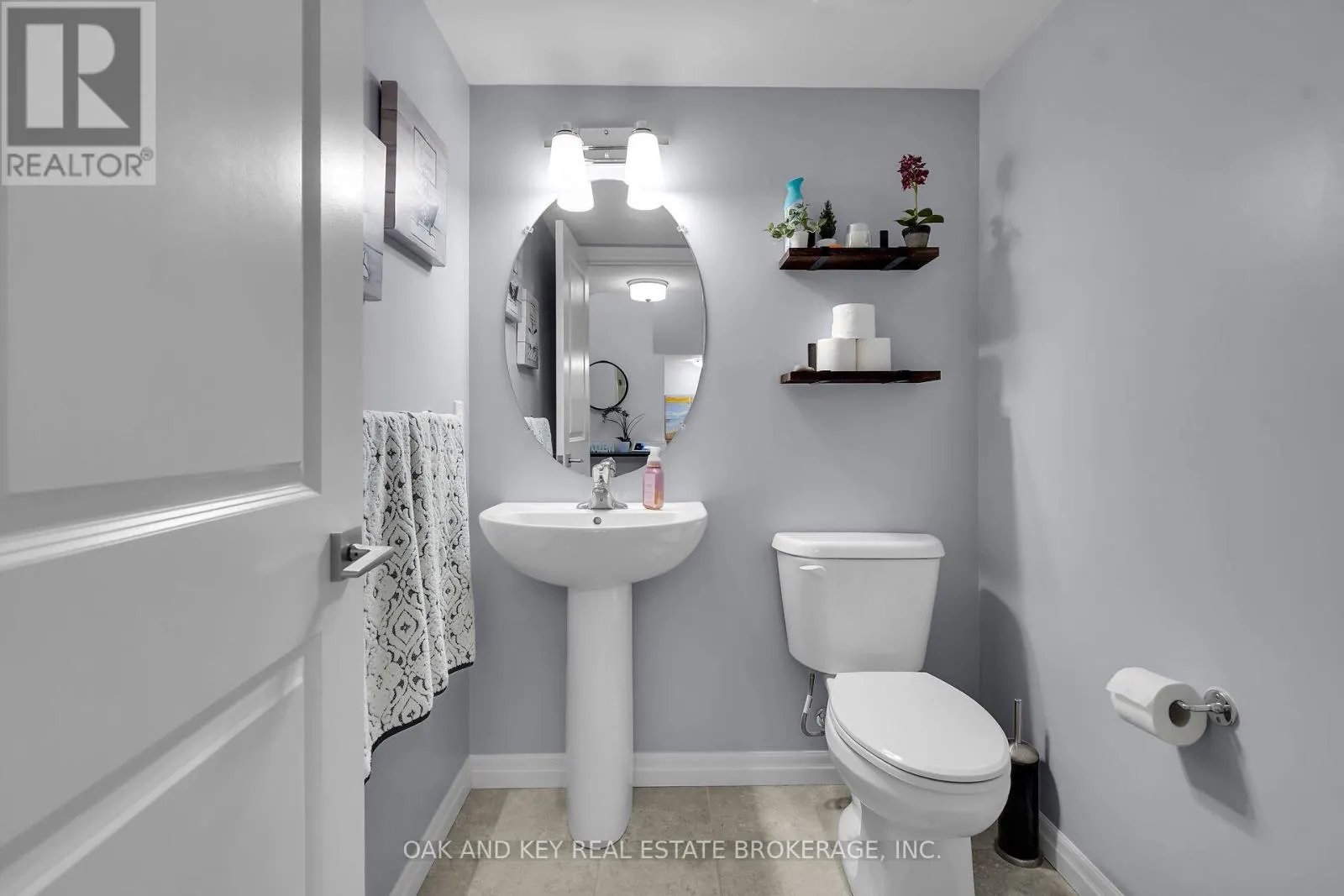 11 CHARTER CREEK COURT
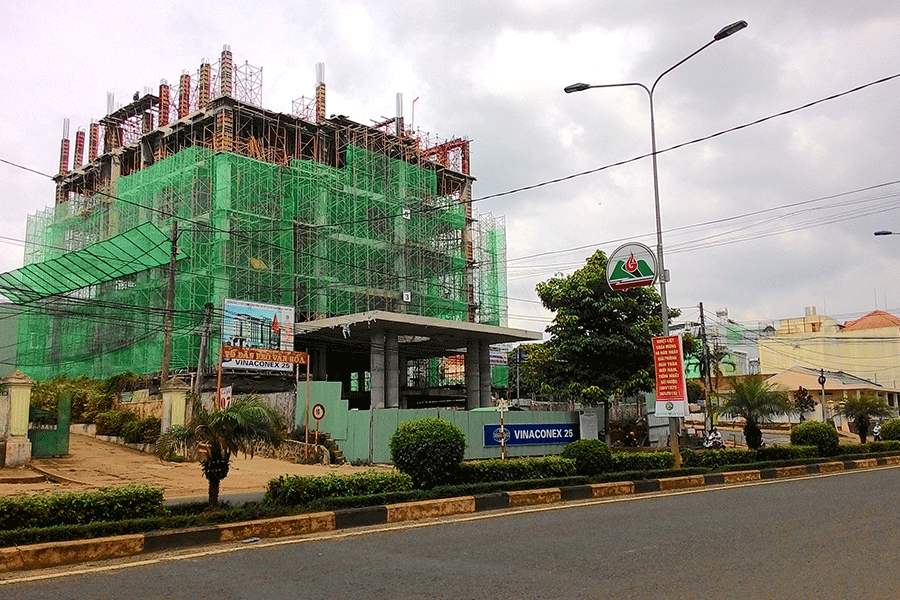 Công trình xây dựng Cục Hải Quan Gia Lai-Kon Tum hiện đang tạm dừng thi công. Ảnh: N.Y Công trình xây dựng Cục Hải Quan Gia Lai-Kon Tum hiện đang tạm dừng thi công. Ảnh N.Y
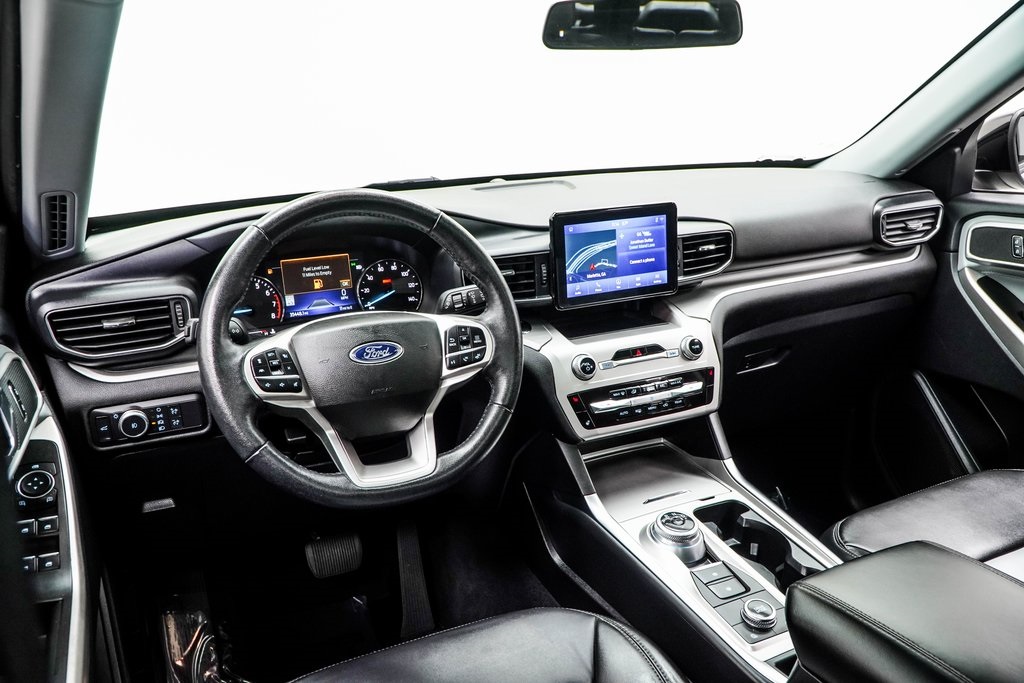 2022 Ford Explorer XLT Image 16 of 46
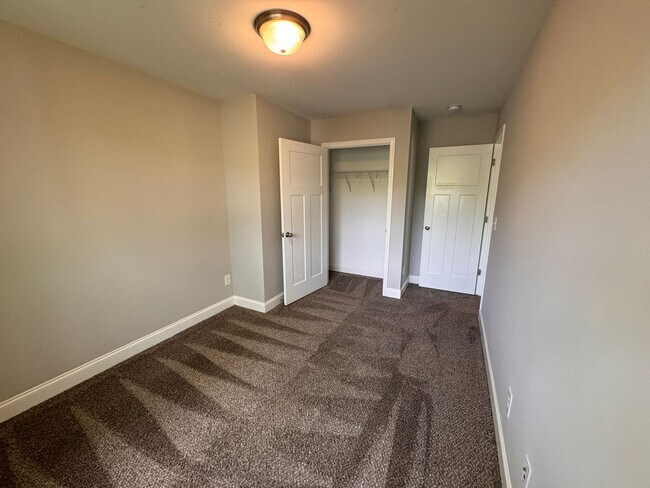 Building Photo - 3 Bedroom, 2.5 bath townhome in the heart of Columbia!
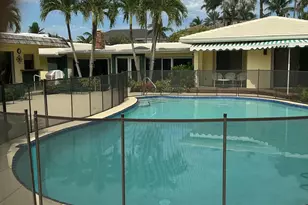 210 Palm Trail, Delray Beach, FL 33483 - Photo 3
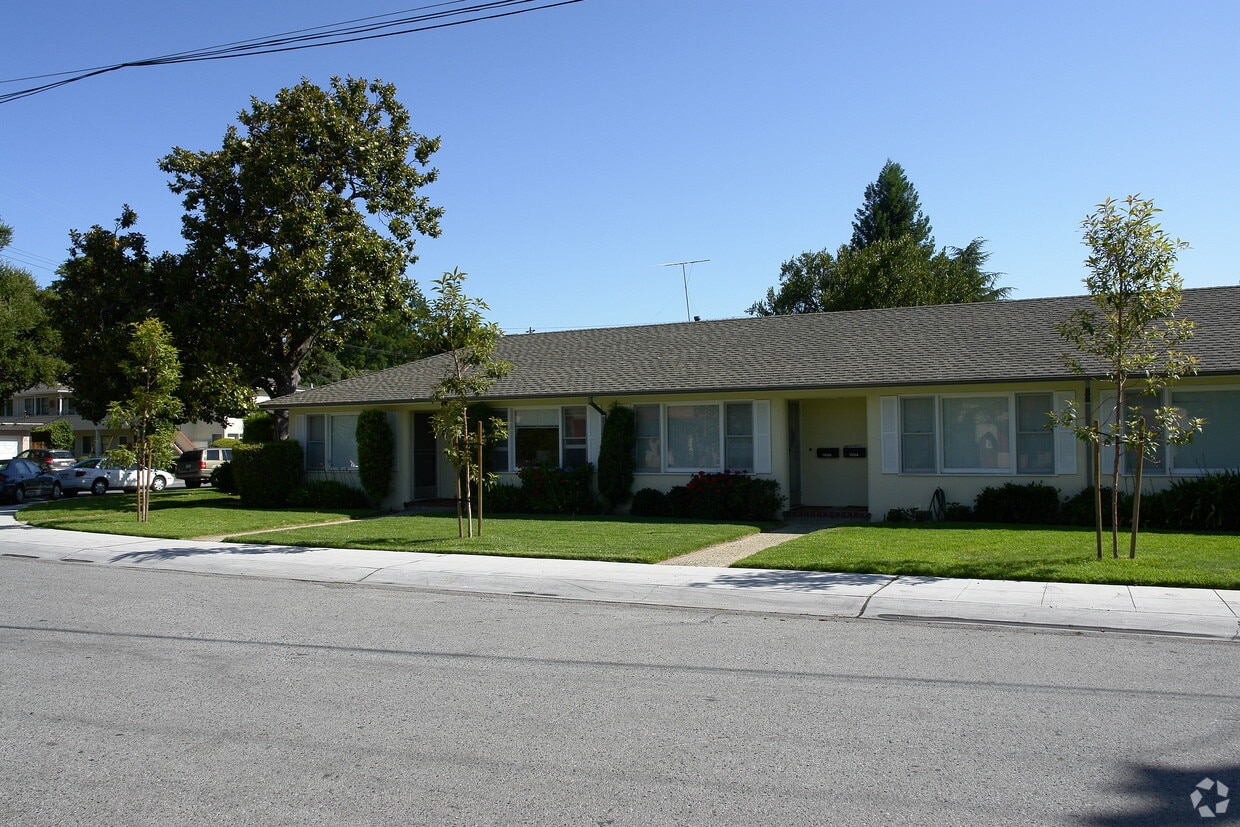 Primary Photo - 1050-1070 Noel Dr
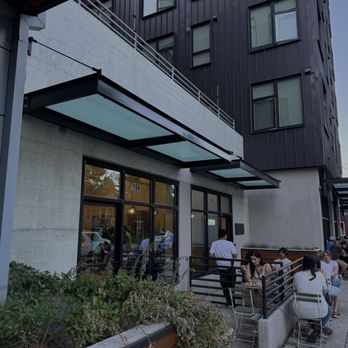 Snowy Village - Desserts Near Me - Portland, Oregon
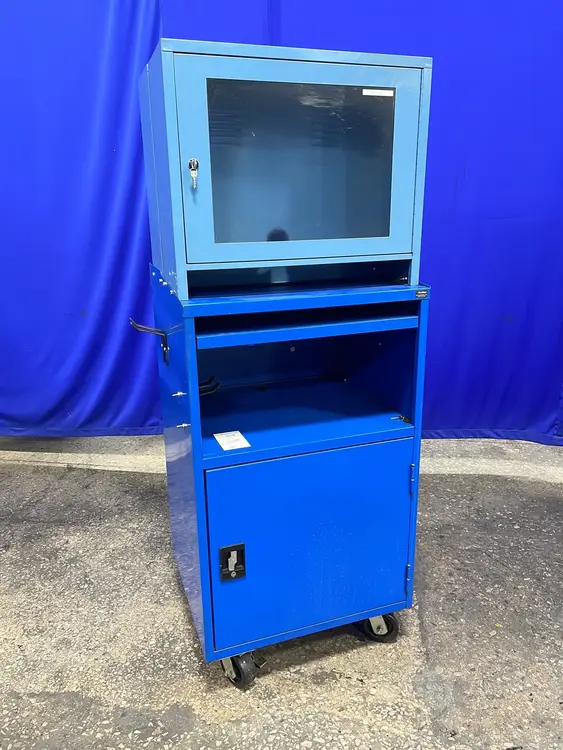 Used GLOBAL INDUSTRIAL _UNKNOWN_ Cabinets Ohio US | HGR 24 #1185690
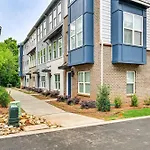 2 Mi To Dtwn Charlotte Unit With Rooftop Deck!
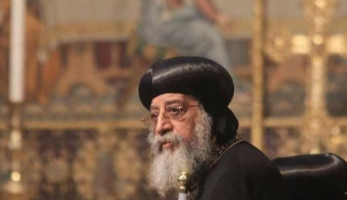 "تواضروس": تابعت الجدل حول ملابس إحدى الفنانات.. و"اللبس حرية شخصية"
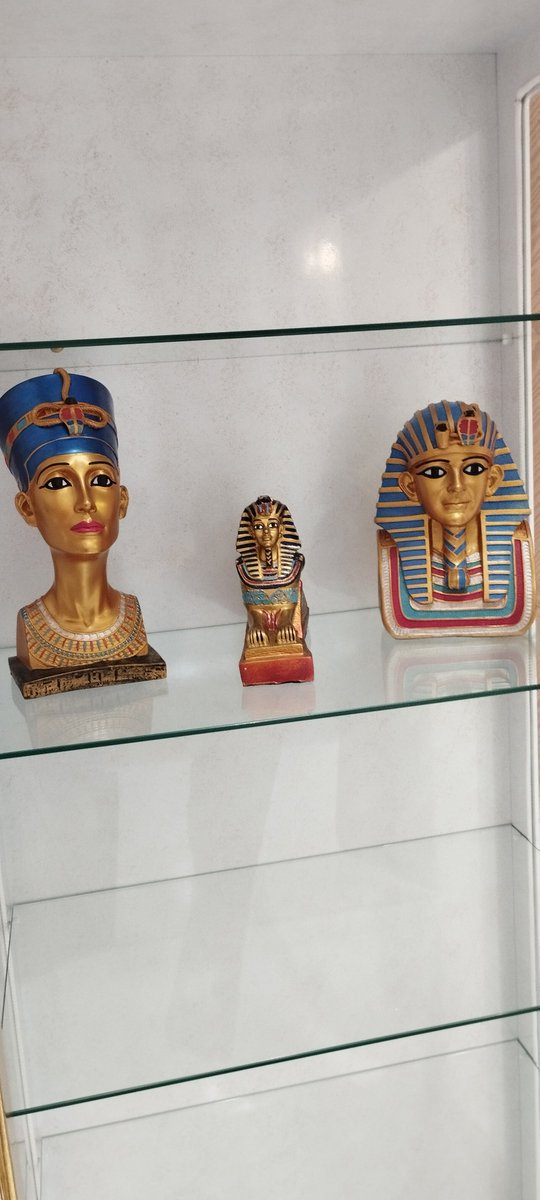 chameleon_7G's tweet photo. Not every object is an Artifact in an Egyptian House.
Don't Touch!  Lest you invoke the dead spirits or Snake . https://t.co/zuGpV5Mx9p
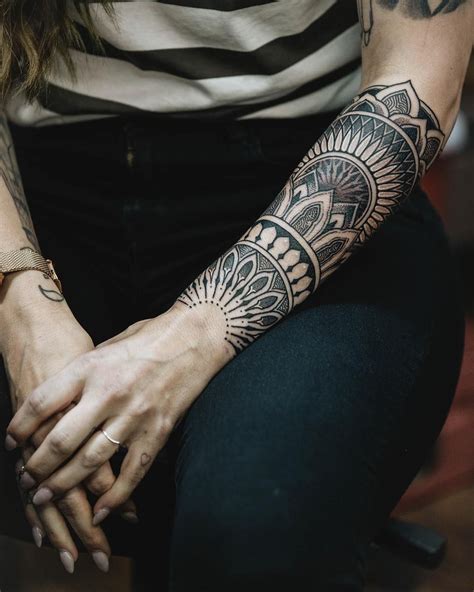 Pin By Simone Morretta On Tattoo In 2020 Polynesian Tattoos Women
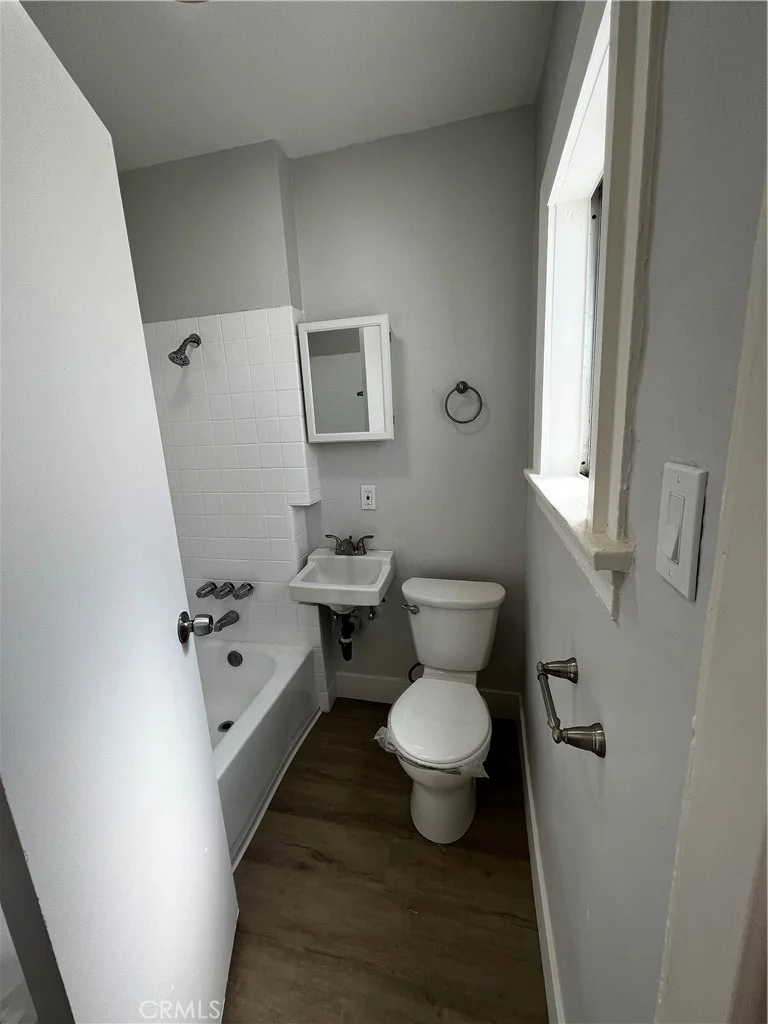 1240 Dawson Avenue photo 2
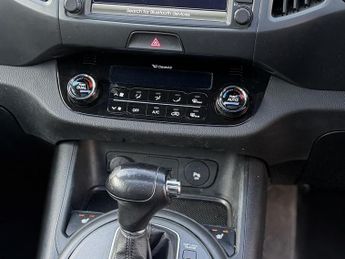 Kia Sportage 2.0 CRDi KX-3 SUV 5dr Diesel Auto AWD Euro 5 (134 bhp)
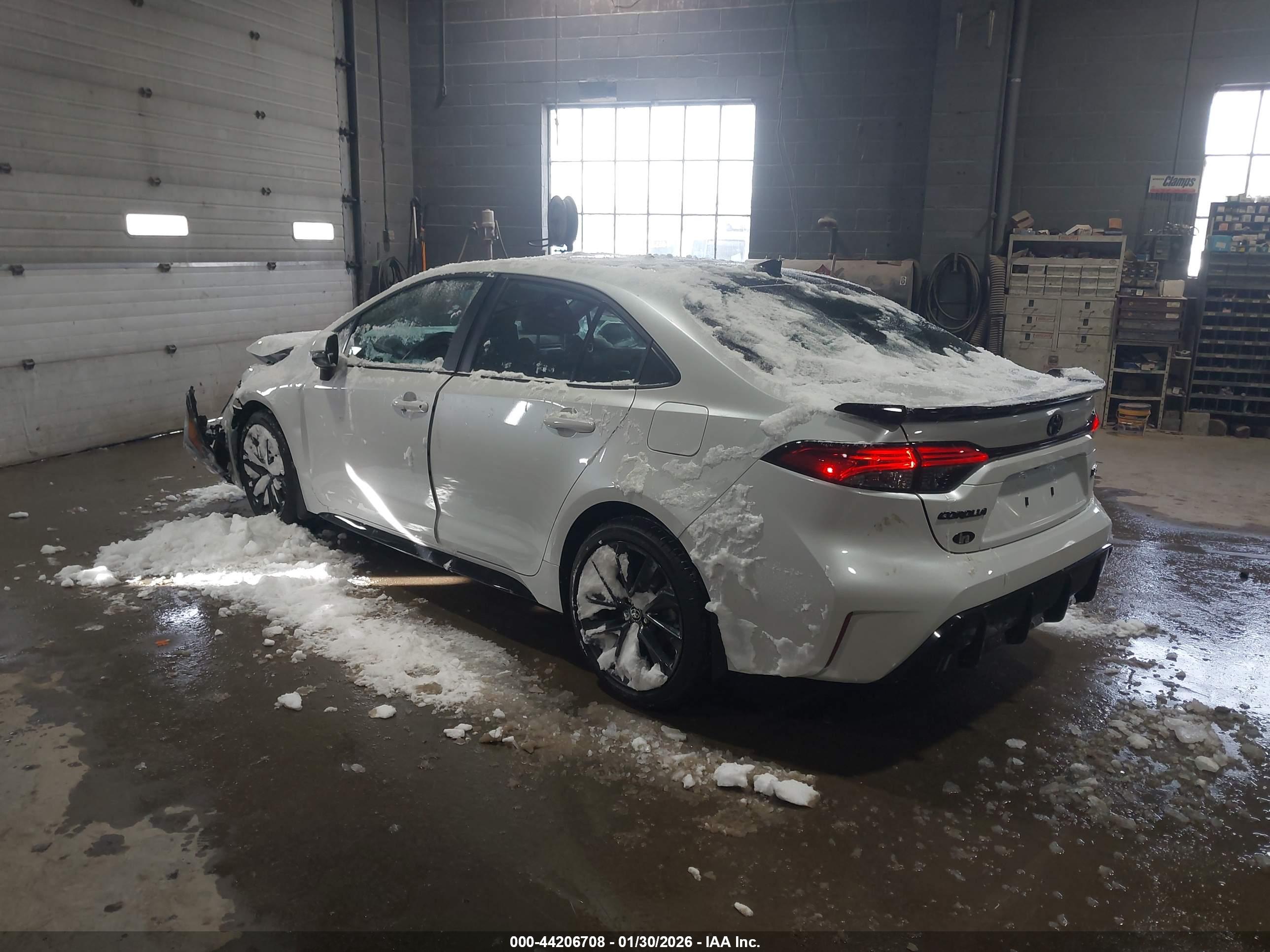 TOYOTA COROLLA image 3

──────────

WORK ORDER:
The answer is to be the lines of the listing from the first through the one with "Building Photo - 3", reproduced exactly, without any pictures.

SOLUTION TO THE EXERCISE:
 11 CHARTER CREEK COURT
 Công trình xây dựng Cục Hải Quan Gia Lai-Kon Tum hiện đang tạm dừng thi công. Ảnh: N.Y Công trình xây dựng Cục Hải Quan Gia Lai-Kon Tum hiện đang tạm dừng thi công. Ảnh N.Y
 2022 Ford Explorer XLT Image 16 of 46
 Building Photo - 3 Bedroom, 2.5 bath townhome in the heart of Columbia!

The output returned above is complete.